The simplest way, with no dependency on Fugue. You just need to have acceptable annotations on the input dataframes.

In [None]:
from typing import Iterable, Dict, Any, List
import pandas as pd

def out(df:List[List[Any]], n=1) -> None:
    for i in range(n):
        print(df)

def out2(df1:pd.DataFrame, df2:List[List[Any]]) -> None:
    print(df1)
    print(df2)

In [None]:
from fugue import FugueWorkflow

with FugueWorkflow() as dag:
    df = dag.df([[0,1],[0,2],[1,3],[1,1]],"a:int,b:int")
    df.output(out, params={"n":2})
    dag.output(df,using=out,params={"n":2}) # == above
    
    dag.output(df,df,using=out2)

It's very important to know another use case: with `ExecutionEngine`. **This is how you write native Spark code inside Fugue.**

In [None]:
from fugue import ExecutionEngine, DataFrame
from fugue_spark import SparkExecutionEngine, SparkDataFrame
from typing import Iterable, Dict, Any, List
import pandas as pd

# pay attention to the input annotations
def out(e:ExecutionEngine, df:DataFrame) -> None:
    assert isinstance(e,SparkExecutionEngine) # this extension only works with SparkExecutionEngine
    df = e.to_df(df) # to make sure df is SparkDataFrame, or conversion is done here
    df.native.show()

with FugueWorkflow(SparkExecutionEngine) as dag:
    df = dag.df([[0,1],[0,2],[1,3],[1,1]],"a:int,b:int")
    df.output(out)

It's also important to know how to use `DataFrames` as input annotation. Because this is the way to be **dynamic** on input

In [None]:
from typing import Iterable, Dict, Any, List
from fugue import DataFrames, DataFrame

def out(dfs:DataFrames) -> None:
    for k, v in dfs.items():
        v.show(title=k)

with FugueWorkflow() as dag:
    df1 = dag.df([[0,1]],"a:int,b:int")
    df2 = dag.df([[0,2],[1,3]],"a:int,b:int")
    df3 = dag.df([[1,1]],"a:int,b:int")
    dag.output(df1,df2,df3,using=out)
    dag.output(dict(x=df1,y=df2,z=df3),using=out)

## Decorator Approach

There is no obvious advantage to use decorator for `Outputter`.

In [None]:
from fugue import outputter, FugueWorkflow
import pandas as pd

@outputter()
def out(df:List[List[Any]], n=1) -> None:
    for i in range(n):
        print(df)

with FugueWorkflow() as dag:
    dag.df([[0,1]],"a:int,b:int").output(out)

## Interface Approach

All the previous methods are just wrappers of the interface approach. They cover most of the use cases and simplify the usage. But if you want to get all execution context such as partition information, use interface.
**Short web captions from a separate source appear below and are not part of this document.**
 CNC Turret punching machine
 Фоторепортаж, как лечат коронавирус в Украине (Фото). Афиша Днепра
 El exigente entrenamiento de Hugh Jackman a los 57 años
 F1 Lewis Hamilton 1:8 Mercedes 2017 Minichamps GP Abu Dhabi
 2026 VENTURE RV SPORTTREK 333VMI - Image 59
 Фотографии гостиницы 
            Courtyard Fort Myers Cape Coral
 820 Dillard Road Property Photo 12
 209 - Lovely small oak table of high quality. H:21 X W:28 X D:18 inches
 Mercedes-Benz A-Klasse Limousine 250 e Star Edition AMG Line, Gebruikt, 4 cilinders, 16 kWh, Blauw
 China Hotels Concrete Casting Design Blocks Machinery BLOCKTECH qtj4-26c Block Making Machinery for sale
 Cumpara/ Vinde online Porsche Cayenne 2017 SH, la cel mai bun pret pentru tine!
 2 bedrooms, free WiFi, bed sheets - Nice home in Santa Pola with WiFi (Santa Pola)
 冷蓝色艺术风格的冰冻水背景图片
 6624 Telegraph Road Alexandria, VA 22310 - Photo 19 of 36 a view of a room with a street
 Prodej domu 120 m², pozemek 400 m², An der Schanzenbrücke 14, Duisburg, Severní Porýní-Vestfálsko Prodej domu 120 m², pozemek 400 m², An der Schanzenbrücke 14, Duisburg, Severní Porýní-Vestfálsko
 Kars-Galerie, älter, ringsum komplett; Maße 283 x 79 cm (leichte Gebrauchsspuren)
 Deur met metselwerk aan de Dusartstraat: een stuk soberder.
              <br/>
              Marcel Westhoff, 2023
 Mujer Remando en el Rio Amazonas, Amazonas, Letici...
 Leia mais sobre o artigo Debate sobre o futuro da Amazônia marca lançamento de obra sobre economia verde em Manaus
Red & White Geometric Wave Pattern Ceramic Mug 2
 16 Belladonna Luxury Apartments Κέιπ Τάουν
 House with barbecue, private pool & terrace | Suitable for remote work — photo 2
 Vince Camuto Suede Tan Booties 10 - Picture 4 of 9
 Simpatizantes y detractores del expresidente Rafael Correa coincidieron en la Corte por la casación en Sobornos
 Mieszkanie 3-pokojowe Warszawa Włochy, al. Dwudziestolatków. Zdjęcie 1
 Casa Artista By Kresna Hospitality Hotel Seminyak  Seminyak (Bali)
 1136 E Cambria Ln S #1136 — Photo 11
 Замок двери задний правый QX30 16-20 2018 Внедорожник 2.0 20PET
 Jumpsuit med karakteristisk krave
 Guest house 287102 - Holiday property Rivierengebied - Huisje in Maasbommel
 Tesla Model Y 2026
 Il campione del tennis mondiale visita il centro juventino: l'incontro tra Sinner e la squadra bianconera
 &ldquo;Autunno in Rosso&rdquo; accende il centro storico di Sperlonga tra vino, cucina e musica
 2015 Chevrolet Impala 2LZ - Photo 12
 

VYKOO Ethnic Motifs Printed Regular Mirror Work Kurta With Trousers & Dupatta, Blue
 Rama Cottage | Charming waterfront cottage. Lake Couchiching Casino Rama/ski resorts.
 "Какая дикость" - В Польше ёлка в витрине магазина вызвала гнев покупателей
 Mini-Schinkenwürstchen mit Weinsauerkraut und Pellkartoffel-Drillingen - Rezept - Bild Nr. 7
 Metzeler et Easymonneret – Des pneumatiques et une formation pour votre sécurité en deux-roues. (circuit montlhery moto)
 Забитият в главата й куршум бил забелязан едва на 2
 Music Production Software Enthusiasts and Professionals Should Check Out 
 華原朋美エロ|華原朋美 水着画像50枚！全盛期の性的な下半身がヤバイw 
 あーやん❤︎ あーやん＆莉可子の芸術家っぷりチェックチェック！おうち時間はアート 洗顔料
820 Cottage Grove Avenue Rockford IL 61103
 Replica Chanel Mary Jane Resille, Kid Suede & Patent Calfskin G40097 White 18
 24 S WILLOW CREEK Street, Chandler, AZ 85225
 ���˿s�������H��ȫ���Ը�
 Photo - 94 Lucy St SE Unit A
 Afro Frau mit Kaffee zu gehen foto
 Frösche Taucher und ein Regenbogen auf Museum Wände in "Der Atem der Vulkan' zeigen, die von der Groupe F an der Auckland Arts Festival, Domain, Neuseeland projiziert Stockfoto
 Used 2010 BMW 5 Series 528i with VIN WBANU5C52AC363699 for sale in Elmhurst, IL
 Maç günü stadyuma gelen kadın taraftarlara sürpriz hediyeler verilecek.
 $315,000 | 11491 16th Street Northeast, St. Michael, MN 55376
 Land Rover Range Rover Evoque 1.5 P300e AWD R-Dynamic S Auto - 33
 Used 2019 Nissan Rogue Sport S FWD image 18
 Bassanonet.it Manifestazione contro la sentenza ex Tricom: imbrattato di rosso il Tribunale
In the interface approach, type annotations are not necessary, but again, it's good practice to have them.

In [None]:
from fugue import FugueWorkflow, Outputter, DataFrames
from fugue_spark import SparkExecutionEngine
from time import sleep
import pandas as pd
import numpy as np

class Save(Outputter):
    def process(self, dfs:DataFrames) -> None:
        assert len(dfs)==1
        assert isinstance(self.execution_engine, SparkExecutionEngine)
        session = self.execution_engine.spark_session
        # we get the partition information from Outputter
        by = self.partition_spec.partition_by
        df = self.execution_engine.to_df(dfs[0])
        path = self.params.get_or_throw("path",str)
        df.native.write.partitionBy(*by).format("parquet").mode("overwrite").save(path)

with FugueWorkflow(SparkExecutionEngine) as dag:
    df = dag.df([[0,1],[0,3],[1,2],[1,1]],"a:int,b:int")
    df.partition(by=["a"]).output(Save, params=dict(path="/tmp/x.parquet"))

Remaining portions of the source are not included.